DATA SHOWN Start Marker
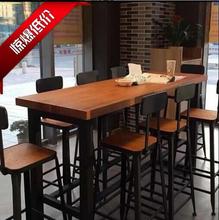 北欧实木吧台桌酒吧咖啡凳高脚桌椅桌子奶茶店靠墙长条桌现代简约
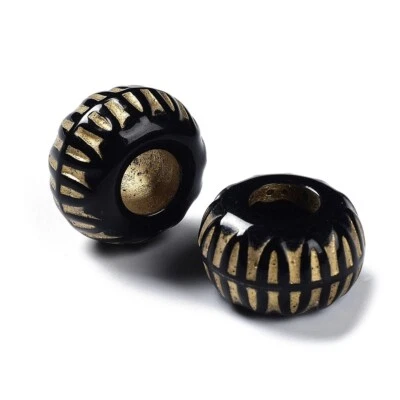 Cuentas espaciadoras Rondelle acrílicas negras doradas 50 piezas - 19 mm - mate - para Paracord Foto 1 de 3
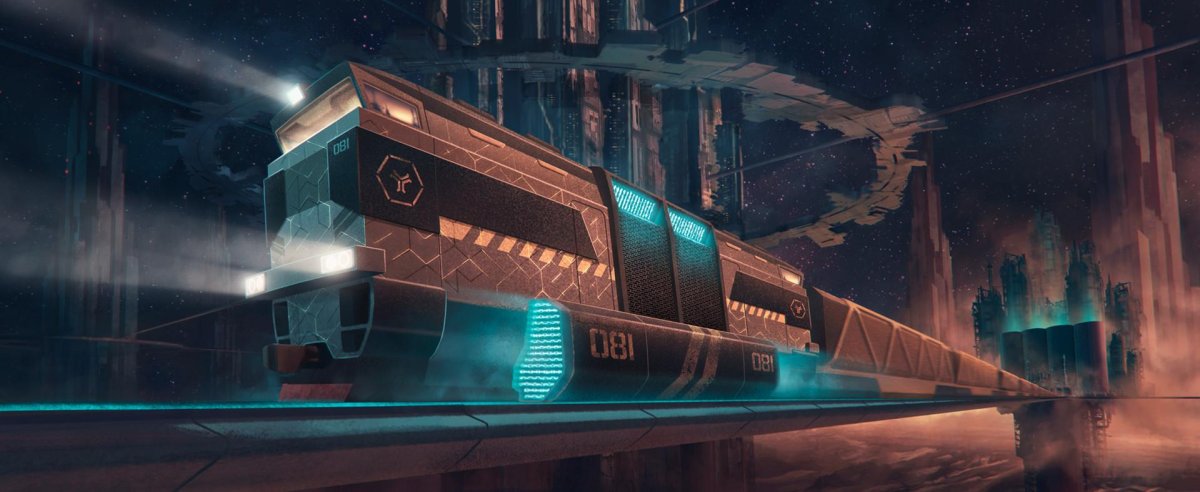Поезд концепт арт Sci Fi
DATA SHOWN End Marker
DATA SHOWN Start Marker
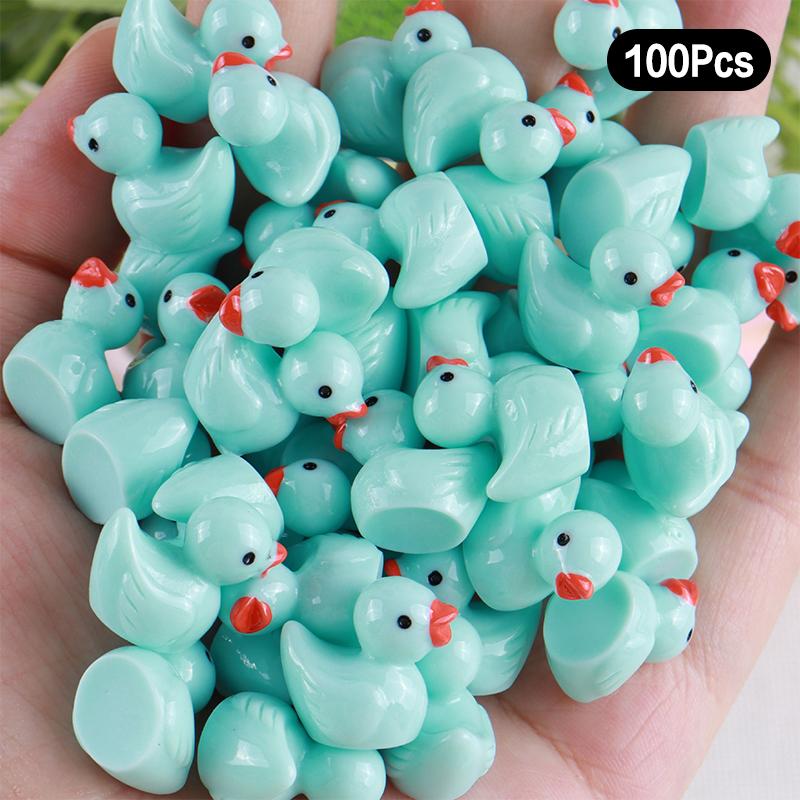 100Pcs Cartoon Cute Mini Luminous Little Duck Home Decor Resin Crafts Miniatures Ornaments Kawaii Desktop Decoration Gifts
DATA SHOWN End Marker
TASK DETAILS →
For the material above, give again only the lines starting at the line that contains "北欧实木吧台桌酒吧咖啡凳高脚桌椅桌子奶茶店靠墙长条桌现代简约" and ending at the line that contains "Поезд концепт арт Sci Fi". Pictures do not belong in the copy.

YOUR RESPONSE →
 北欧实木吧台桌酒吧咖啡凳高脚桌椅桌子奶茶店靠墙长条桌现代简约
 Cuentas espaciadoras Rondelle acrílicas negras doradas 50 piezas - 19 mm - mate - para Paracord Foto 1 de 3
Поезд концепт арт Sci Fi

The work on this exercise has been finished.